1960 war die Ernte der Spätkartoffeln eine Katastrophe.
Um gute Speisekartoffeln abliefern zu können, bauten
wir die Spätkartoffeln auf den guten Lehmböden in Bleesern an. Als
sie geerntet werden sollten, begann eine längere Regenperiode und wir wussten
bald nicht, wie wir bei den aufgeweichten lehmigen Wegen die Frauen zum Acker
und die Kartoffeln nach Hause bringen sollten.
Es war schrecklich.
Die Speisekartoffeln sortierten wir in der Scheune von
H. Kaul. Da uns damals noch keine Kipper (und Arbeitsschutzinspektor) zur Verfügung
standen, wurde beider Abladestelle ein Traktor stationiert.

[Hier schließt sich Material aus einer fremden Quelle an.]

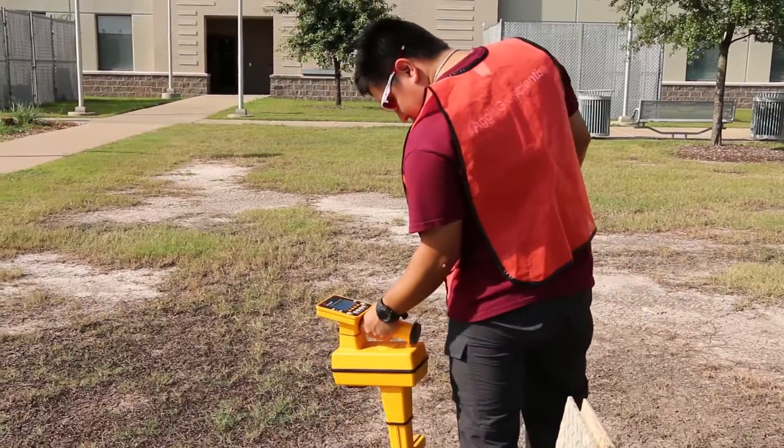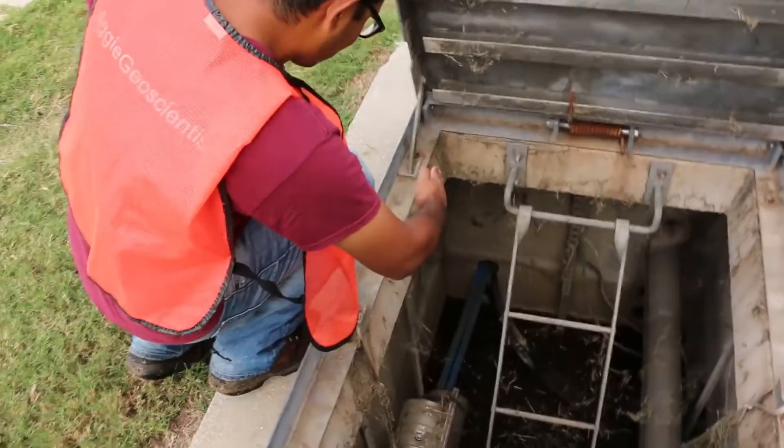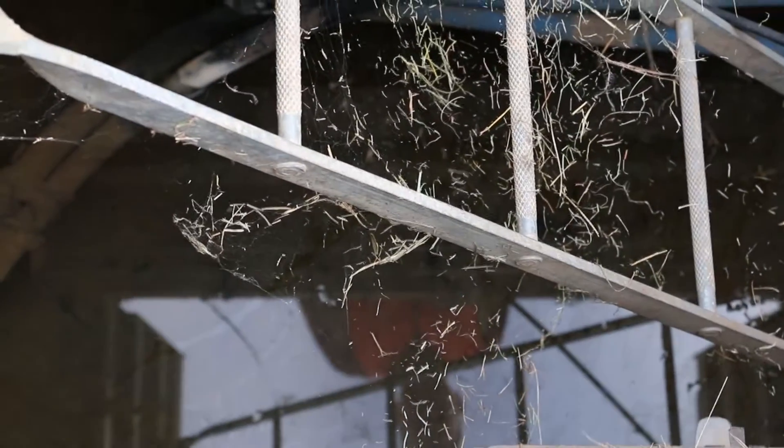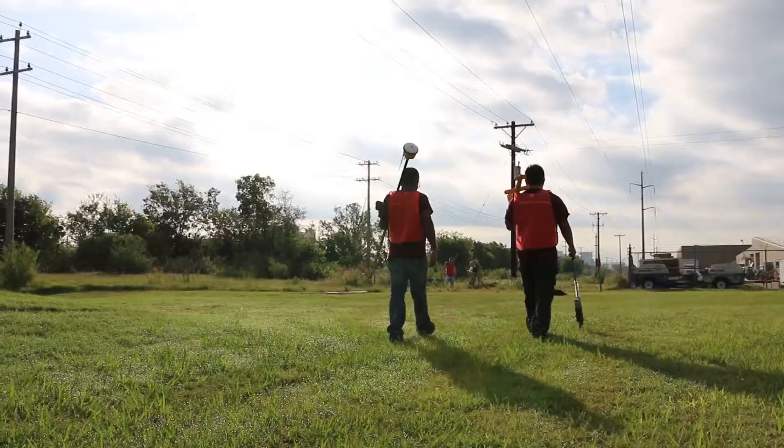The most exciting thing is that every day is different. Some days we're out here doing this mapping and it's really easy. And some days there's fiber that's buried underneath a bunch of water and we have to go on an adventure.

Mit einem auf die
Ackerschiene gestellten Holzstempel wurden die Hänger hydraulisch angekippt.
Völliges Neuland für uns war die Mietenwirtschaft.
Während früher jeder Einzelbauer seine Kartoffel- und Rübenvorräte
zu Hause in Kellern gelagert hatte, mussten zentrale Mietenplätze angelegt
werden. Dazu wurden sehr große Strohmengen benötigt. Diese fehlten
uns nachher für die Einstreu der Tiere.
Wir klapperten Tischlereien und die Sägewerke in
der Dübener Heide ab und versuchten dort Hobel- und Sägespäne
zu holen.
Die Futterrüben mussten alle mit der Hand abgeschnitten
und ebenso mit Hand oder Gabel aufgeladen werden.
Im Herbst 1960 hatten wir viel Rüben auf Vorrat
abgeschnitten, als stärkerer Nachtfrost angesagt wurde. Da wir klaren Vollmond
hatten, wurden bis 22 Uhr Rüben geladen. Dann gingen wir alle in die 2 Linden uns
aßen auf Geschäftsunkosten eine Bockwurst.
Die Pflegearbeiten für die Rübenpflege wurden
später, aufgeteilt in Parzellen individuell vergeben. Als Anreiz wurde
zu der finanziellen Vergütung noch Weizen ausgeliefert.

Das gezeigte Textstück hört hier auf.